Wednesday, May 19, 2010
Dell Inc. will test this summer multicore ARM processors from Marvell Technology Group for possible use in low-power servers for large data centers. The company has already shipped a few thousand low-power servers based on x86 processors from Taiwan's Via Technologies Inc.
Separately, an executive from IBM Corp. said Big Blue backs the trend toward new low power architectures for servers. But he declined to give any specifics about what, if anything, it is doing with ARM chips.
The OEMs are among the latest to declare their interest in ARM-based servers for applications constrained by power budgets that don't need the muscle—or cost—of Intel x86 systems. One of the main target markets are large data centers such as those run by Web 2.0 companies such as Facebook.
"We've been all over this," said Paul Prince, chief technology officer for Dell's enterprise products group. "About a year and a half ago, we put a LAMP [Linux, Apache, MySQL and Python] stack on an ARM A8 core," in one test, said Prince.
About two years ago the company built for at least one large data center customer 5,000 or more custom servers using a notebook x86 chip from Via. "That was an early indicator that there was a market pull" for low-power servers, he said.
Dell's next step will be to benchmark this summer a multicore ARM Cortex A9 based SoC aimed at servers from Marvell. Last week, Marvell said it will ship 40nm ARM-based server chips this year.
"There are a handful of pretty credible chip vendors—the Broadcoms and TIs are all working to sell their vision of this," said Prince. "Marvell is at the top of the short list," he added.
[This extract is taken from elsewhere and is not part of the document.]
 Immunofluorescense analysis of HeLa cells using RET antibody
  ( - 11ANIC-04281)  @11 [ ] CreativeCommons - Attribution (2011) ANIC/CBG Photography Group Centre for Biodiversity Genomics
Broadcom has made no public statements about ARM servers. The market is still young and will initially be "mainly limited to Web and file servers," said Simon Assouad, a senior product line manager in Broadcom's Ethernet controller group
IBM would not reveal its plans, but Bernie Meyerson, an IBM fellow and vice president of innovation, said the company backs the trend to new low power architectures for servers.
Because the ARM server movement is based on Linux, "it is open source and IBM long ago endorsed the open movement," said Meyerson. "We have probably shipped hundreds of thousands of products with ARMs in them already," he added, referring to systems other than servers.
"The creation of yet another ecosystem won't disrupt anyone who has the capability to use it," he said. "If you can do your own designs, it’s a differentiator not a liability," he added.
Meyerson predicted the rise of ARM servers would lead to a new generation of more optimized products.
"We're going from an era of general purpose processors to application-specific processors, and now we will go from general-purpose computers to application-specific servers," he said. "People will start to examine these machines and they will tend to be more appliance-like," he added.
The trend to ARM-based servers mirrors what happened with IBM's BlueGene supercomputer design, Meyerson said. IBM created a radically more powerful and less power hungry supercomputer with BlueGene by building a new system architecture around an array of simplified PowerPC 440 cores. For some time the BlueGene systems were ranked as the most powerful in the world.